Some readers are upset because I put Rep. Ron Paul in the same category as Maxine Waters, Michele Bachmann and Jim Bunning in my last post. I apologize. Treasury Secretary Tim Geithner is not forced to dumb himself down when talking to Paul, and I’m sorry I inadvertently gave that impression. I still think that Paul is one of a small group of legislators that tends to most often confuse Geithner, but in a unique fashion only his own.
Seriously, I love listening to Paul every time his turn to talk comes up during a House committee hearing. He is articulate, has a clear point of view, and is utterly unafraid to argue from first principles each and every time he gets a chance. He also manages to make his points without adding the layers of scorn or hostility that many legislators feel prone to, especially when grilling members of the opposite political party. And sometimes that can inspire an equally thoughtful response:
Case in point: During Thursday’s House Financial Services committee hearing on regulatory reform, Ron Paul and Tim Geithner got into an interesting exchange on the usefulness, or lack thereof, of regulation:
PAUL: I am very skeptical of regulations per se, because I don’t think that solves the problem. And of course, everybody knows I’m a proponent of the free market…
But you know, in other areas we never automatically resort to regulations. When it — when it comes to the press, if we had regulations on the press, we would call it prior restraint, and we would be outraged.
If we wanted to regulate personal behavior, we would be outraged and call this legislating morality. But when it comes to economics, it seems like we have been conditioned to say, “Oh, that is OK because that’s good economic policy.”
I have — I accept it in the first two but not in the third, and therefore I challenge the — the whole system.
GEITHNER: I think you’re right to say that we have to be very skeptical that regulation can solve all these problems.
We have parts of our system which are overwhelmed by regulation. It wasn’t the absence of regulation that was the problem. It was despite the presence of regulation you got huge risks built up.

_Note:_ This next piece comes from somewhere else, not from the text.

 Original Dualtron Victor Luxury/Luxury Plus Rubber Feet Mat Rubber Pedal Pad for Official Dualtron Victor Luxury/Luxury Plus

But in banks, because banks, by definition, take on leverage, transform short-term liabilities into long-term assets for the good of the system as a whole, they are vulnerable to runs. Because they’re vulnerable to runs, governments around the world have put in place insurance protections to protect against that risk.

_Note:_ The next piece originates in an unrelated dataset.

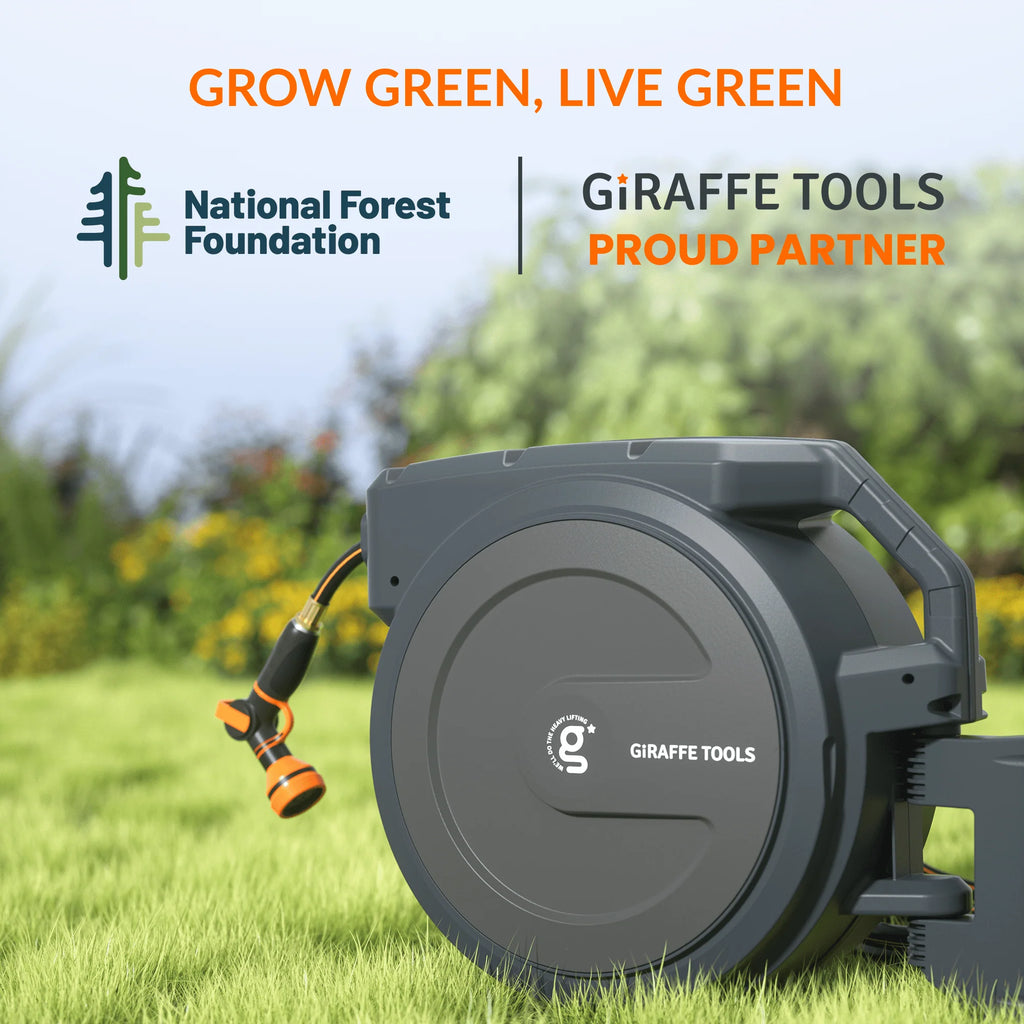 Retractable Garden Hose Reel 5/8in 90ft K867618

Because of the existence of those protections, you have to impose standards on them — on leverage — to protect against the moral hazard created by the insurance. That is a good economic case for regulation.
I thought that was a pretty nice, eloquent explanation of why a completely free market might not be a great idea for the banking industry, and Geithner was clearly ready to elaborate further. But Paul interrupted, indicating that he wasn’t really that interested in a fundamental defense of banking regulation. He had a more subtle question to ask. According to Paul, the standard system of justice in the United States assumes “we’re innocent until proven guilty, and and yet when it comes to regulations … in the administrative courts we’re assumed to be guilty until proven innocent.”

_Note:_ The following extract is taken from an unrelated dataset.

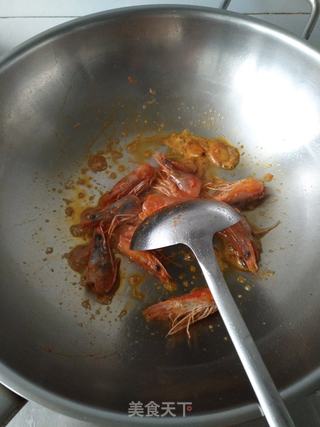 海鲜菌菇年糕汤的做法步骤:8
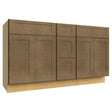 Fabuwood Galaxy Mocha VSD60DOUBLE Vanity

Now Geithner was confused.
GEITHNER: You’re talking in the criminal context?
PAUL: Well, any way. I mean, any time a regulator comes in and says that you’re guilty of something, why doesn’t the government have to prove he’s guilty? Why can’t we assume…
GEITHNER: Guilty of a criminal violation or of a…?
PAUL: Civil or criminal. Why not? I mean, that’s a principle that’s been around for more than 1,000 years, or at least 800 years.
GEITHNER: I’m neither a regulator nor a lawyer, unfortunately, so I’m not sure I can give you an adequate answer to that. But I’d be happy to think about it a little bit and get back to you with a view on…
Geithner wasn’t sure what Paul was getting at, and I’ve got to say I am befuddled too. I look forward to the treasury secretary thinking about it some more and providing us some further insight.